Some locals believe he was associated with the RSS a few years ago, but nobody’s sure. But that may be one reason why his clinic was attacked by a mob last year, after the riots.
“The mob entered my clinic and ransacked it,” the doctor says, while attending to his patients. After a local Muslim was gunned down by unknown assailants, the locals, suspecting it to be a case of ‘silent war’—a term they coined for hit-and-run killings by members of the other community—laid siege to Dr Arya’s clinic. A local resident says it was quite unfortunate, and the mob was calmed down only after a few elders intervened.
Dr Arya has a rather matter-of-fact explanation for the violence. While his burqa-clad patients look on, he offers, “These Muslims are non-vegetarian. So violence and immoral activities are in their nature.” He seems unyielding when told that a vast Hindu majority also eats meat. He has other questions: “Have you ever seen a Muslim girl eloping with a Hindu? Why is it that only Hindu girls are being lured? The Muzaffarnagar riots happened because boys of this community were indulging in eve-teasing.”
“Love Jihad is a recent term. We have been seeing it happen for long years. They do not want to stop,” he adds, referring to a recent incident in Paldi village, not very far from Shahpur. “Didn’t you read the reports? It was another case of Muslim boys molesting Hindu girls.”
In Paldi, it is alleged, four schoolgirls were molested and their clothes torn.
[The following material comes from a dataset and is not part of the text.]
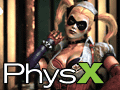「Batman:Arkham Asylum」に見るPhysX(前編)〜プレイムービーとスクリーンショットで“PhysXの現在”を確認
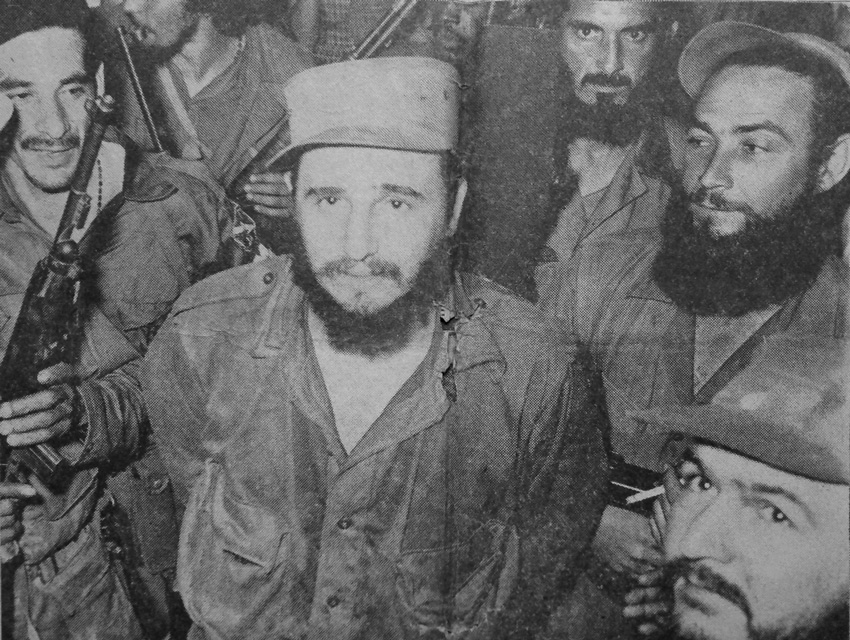 escoltas Fidel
A local newspaper Dainik Jagran not only reported the incident in great detail, but also started drawing parallels to what happened in Kawal last year, resulting in the Muzaffarnagar riots. “The incident has reopened the wounds of the communal riots,” the report read, emphasising the religious identity of the culprits.
However, going by the statistics in Meerut alone— perceived as the rape capital of UP—only seven per cent of the cases of harassment and rapes involved members of the minority community. There’s perhaps a reason for this selective reporting, then?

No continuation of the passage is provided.